Try it — Lines from the one containing "Jaqueta Bomber Masculina" through the last line of the data are to be repeated word for word, both ends included.

Extracted data —

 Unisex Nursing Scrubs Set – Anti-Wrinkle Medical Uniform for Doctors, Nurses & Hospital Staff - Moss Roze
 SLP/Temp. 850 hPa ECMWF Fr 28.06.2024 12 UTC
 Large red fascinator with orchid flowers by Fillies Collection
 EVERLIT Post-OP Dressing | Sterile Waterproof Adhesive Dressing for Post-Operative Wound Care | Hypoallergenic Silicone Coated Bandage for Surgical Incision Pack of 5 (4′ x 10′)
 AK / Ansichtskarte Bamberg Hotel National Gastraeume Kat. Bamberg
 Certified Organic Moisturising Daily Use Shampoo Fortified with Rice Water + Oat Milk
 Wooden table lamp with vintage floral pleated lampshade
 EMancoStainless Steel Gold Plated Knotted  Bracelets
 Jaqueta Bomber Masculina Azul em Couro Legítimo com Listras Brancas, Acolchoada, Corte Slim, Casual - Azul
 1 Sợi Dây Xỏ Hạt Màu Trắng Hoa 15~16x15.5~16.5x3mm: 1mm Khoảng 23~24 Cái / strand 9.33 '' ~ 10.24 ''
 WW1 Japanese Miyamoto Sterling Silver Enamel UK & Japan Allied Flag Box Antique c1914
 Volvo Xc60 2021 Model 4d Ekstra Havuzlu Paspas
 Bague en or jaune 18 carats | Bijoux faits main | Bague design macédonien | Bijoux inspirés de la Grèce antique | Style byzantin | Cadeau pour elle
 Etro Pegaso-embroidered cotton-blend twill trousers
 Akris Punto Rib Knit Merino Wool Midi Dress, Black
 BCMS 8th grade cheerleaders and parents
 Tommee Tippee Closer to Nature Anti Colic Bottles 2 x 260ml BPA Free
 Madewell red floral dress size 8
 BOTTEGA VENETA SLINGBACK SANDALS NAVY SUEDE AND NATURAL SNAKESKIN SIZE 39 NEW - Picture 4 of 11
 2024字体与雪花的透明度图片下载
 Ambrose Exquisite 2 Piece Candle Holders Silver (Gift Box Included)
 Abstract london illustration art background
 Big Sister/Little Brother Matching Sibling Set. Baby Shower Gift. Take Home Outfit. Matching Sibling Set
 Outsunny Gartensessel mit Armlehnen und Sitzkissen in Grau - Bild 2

Exercise output —
 Jaqueta Bomber Masculina Azul em Couro Legítimo com Listras Brancas, Acolchoada, Corte Slim, Casual - Azul
 1 Sợi Dây Xỏ Hạt Màu Trắng Hoa 15~16x15.5~16.5x3mm: 1mm Khoảng 23~24 Cái / strand 9.33 '' ~ 10.24 ''
 WW1 Japanese Miyamoto Sterling Silver Enamel UK & Japan Allied Flag Box Antique c1914
 Volvo Xc60 2021 Model 4d Ekstra Havuzlu Paspas
 Bague en or jaune 18 carats | Bijoux faits main | Bague design macédonien | Bijoux inspirés de la Grèce antique | Style byzantin | Cadeau pour elle
 Etro Pegaso-embroidered cotton-blend twill trousers
 Akris Punto Rib Knit Merino Wool Midi Dress, Black
 BCMS 8th grade cheerleaders and parents
 Tommee Tippee Closer to Nature Anti Colic Bottles 2 x 260ml BPA Free
 Madewell red floral dress size 8
 BOTTEGA VENETA SLINGBACK SANDALS NAVY SUEDE AND NATURAL SNAKESKIN SIZE 39 NEW - Picture 4 of 11
 2024字体与雪花的透明度图片下载
 Ambrose Exquisite 2 Piece Candle Holders Silver (Gift Box Included)
 Abstract london illustration art background
 Big Sister/Little Brother Matching Sibling Set. Baby Shower Gift. Take Home Outfit. Matching Sibling Set
 Outsunny Gartensessel mit Armlehnen und Sitzkissen in Grau - Bild 2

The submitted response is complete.